Omelia per la IV Domenica di Pasqua ("Io sono il buon pastore")
La IV domenica di Pasqua è ogni anno dedicata al buon Pastore, immagine con cui Gesù si presenta nel 10° capitolo del Vangelo di Giovanni e che è particolarmente cara alla tradizione biblica e al cristianesimo primitivo.
Accanto a questo tema c'è la preghiera per le vocazioni sacerdotali. A Roma (così come in molte altre Diocesi del mondo) saranno consacrati nuovi sacerdoti. Sarà anche l'occasione per ringraziare e salutare il Cardinal Vicario De Donatis che è stato scelto dal Papa per altri incarichi.
"Io sono" è l'autopresentazione divina di Gesù che si rivela in questo caso come il:
Buon = esemplare, il vero pastore, modello (bello) del pastore.
Ogni sacerdote è un pastore a immagine del Pastore: non può essere un mestierante, un impiegato, un mercenario: come Gesù si affeziona e si dona alle pecore che gli sono affidate. Esse mi appartengono: le conosco e loro conoscono me: c’è un rapporto personale, intimo con ciascuna di esse.
In che cosa
consiste la sua bontà? Nell’essere pastore mite, gentile, paziente, delicato?
No, per ben 5 volte il vangelo oggi lo spiega con il gesto di dare, offrire,
donare, porre in gioco la propria vita. Fare le cose per amore (e secondo la “volontà
divina”). Chiediamoci: cosa farebbe Dio/Gesù in questa situazione?
Il lavoro di
Dio è offrire vita, alimentare la vita del gregge. Un Dio pastore che non
chiede, ma offre; che non prende niente e dona tutto; non toglie vita, offre la
sua anche a coloro che gliela tolgono. Questo è il comando che ha ricevuto dal
Padre. Non un comando ma “il” comando, l’unico, l’essenziale.
Come le pecore abbiamo bisogno di protezione. La vita è sempre in pericolo: ci sono lupi (che rapiscono= prendono per sé e disperdono), ladri e briganti. Non possiamo fidarci dei mercenari, dei salariati. Solo nell’affidarci a Lui sperimentiamo la grazia e la pace.

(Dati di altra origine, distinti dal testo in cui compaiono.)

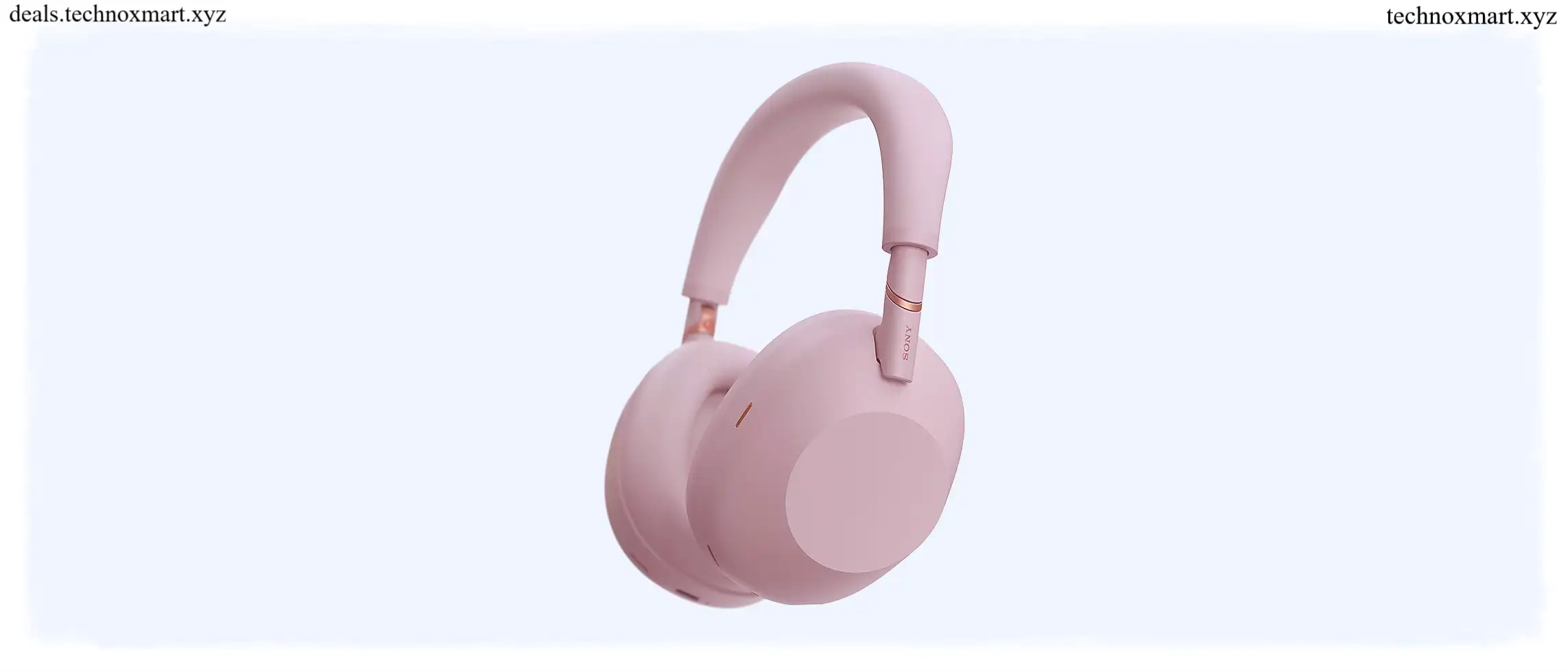 sony wh 1000xm6 launch date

“Homo homini lupus” diceva il filosofo inglese Hobbes: "l'uomo è lupo per l'uomo", vive secondo istinti di sopravvivenza e di sopraffazione, dove il più forte comanda e spadroneggia sugli altri.
Gesù ci invita a
diventare come Dio per uscire da questa spirale dove il più forte comanda e schiaccia
per i propri interessi. Solo seguendo l’esempio di Dio l’uomo può realizzare la
sua umanità. A una cultura del prendere (fatta di competitività, rivalità e
violenza), subentra una cultura del dare (fatta di fraternità, solidarietà e
amore). Una vita bella, vivibile, divina.
Il pastore è nel linguaggio biblico il simbolo di chi governa, amministra, ha responsabilità (sacerdoti, ma anche genitori, nonni, maestri…). Il vero pastore comunica vita e libertà: il Vangelo non vuole assolutamente essere un invito alla sottomissione gregaria nella Chiesa, ma piuttosto una dura condanna per coloro che abusano della loro autorità. Tema attuale.
Il buon pastore è l’immagine positiva
dell’autorità. Gesù è il pastore ideale, il vero pastore, punto di riferimento
serio per tutti coloro che esercitano una qualche autorità nella Chiesa e nella
società.
Anche quelle di altri recinti: mandato
missionario. Diverranno un solo gregge (non un solo ovile): unità nella distinzione.
A ciascuno
ripete: tu mi importi. Siamo importanti
per Dio!
Signore, non
ti importa che moriamo? Gridano li apostoli spaventati dalla tempesta. E il
Signore risponde placando il mare, sgridando il vento, per dire: Sì, mi importa
di te, mi importa la tua vita, tu sei importante. Non temere!
Lo ripete a
ciascuno: mi importano i passeri del cielo ma tu vali di più. Mi importano i
gigli del campo ma tu conti più di tutti i gigli del mondo.
Il comandamento che impariamo dal
pastore bello è che la vita è dono. "Dare vita" significa contagiare
d’amore, libertà e coraggio chi avvicini, di vitalità ed energia chi incontri.
Significa trasmettere le cose che ti fanno vivere, che fanno lieta, generosa e
forte la tua vita, bella la tua fede, contagiosi i motivi della tua gioia.
Seguendo Gesù, pastore e tempio
perfetto (1° lettura: Gesù pietra angolare), fonte unica di salvezza, diventiamo
fratelli e Figli del Padre (2° lettura). Invito a guardare alle nostre origini
(Gesù incarnato nella storia, operante nel presente, nel suo nome = nella sua
persona) e al nostro futuro (quel che saremo e che non è stato ancora rivelato).